I have a fear of flying.

I have a fear of flying.

If you know a little about what I spend my time doing these days you’d quickly realize that this is an anxiety I deal with on a weekly basis. It’s an irrational fear. And it gets in the way of me taking advantage of long blocks of uninterrupted time, sleeping a bit more or simply sitting in silence (something I’m trying to do more of).

I’ve read the statistics. I’ve googled all my questions. I’ve even spoken with commercial pilots to get first hand accounts of their points of view. I’m a rational person but this is an irrational fear.

Here’s the funny part though: I love traveling and exploring. I love meeting new people, learning about different cultures, fumbling my way through strange languages and eating food I’ve never seen before. I love getting lost on the medieval streets of Europe and picking through a flea market in Hong Kong. I love understanding the cultural constraints of different people and I really love making them laugh.

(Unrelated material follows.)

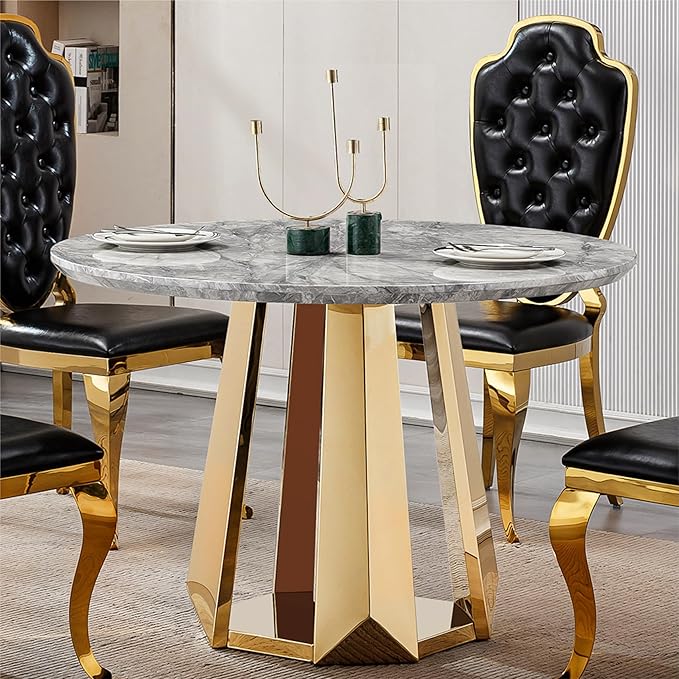 47" Round Marble Dining Table for 4-6, Luxury Modern Kitchen Table with Marble Grain MDF Tabletop & Gold Mirrored Stainless Steel Pedestal Base, Grey Stone Dinner Table for Dining Room (Table Only)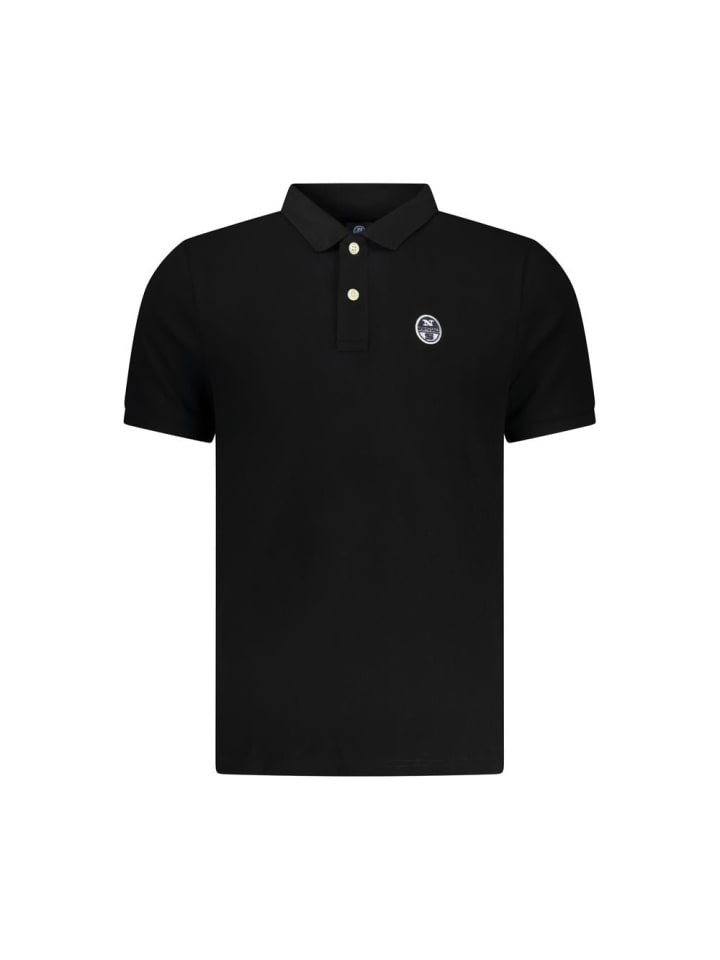 Schwarz Baumwolle Herren Polo Hemd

And yet, each trip, each itinerary brings with it that underlying dread. I worry about the mechanics of the plane and the competence of the pilots and the weather and terrorists and deep vein thrombosis. I worry I’ll never see my wife or my daughters again.

And still, I go.

I go because I love what I do. I go because being a global citizen makes me a better person. I go because I want to teach my daughters that nothing is out of their reach no matter how far away it is.

This is the only way I’ve learned to deal with this anxiety. To quote that ubiquitous ad campaign, “Just do it.” I could stop traveling tomorrow if I wanted to but I don’t. So each trip, each week makes the fear routine. It makes things easier, more familiar. It makes my time in the air better and, occasionally, more productive. In fact, I’m writing this confession in seat 9A on United 75, somewhere between Reykjavik and Newfoundland on my way home from my first visit to Hamburg.

I think there are two lessons here: if there’s something you love to do, you have to push yourself to do it. Stem the excuses and take steps in that direction. The fears, doubts and anxieties will push you to avoid them. Resist those urges. The second is that regularly doing something that makes you anxious diminishes those fears over time. They won’t entirely go away but familiarity breeds comfort.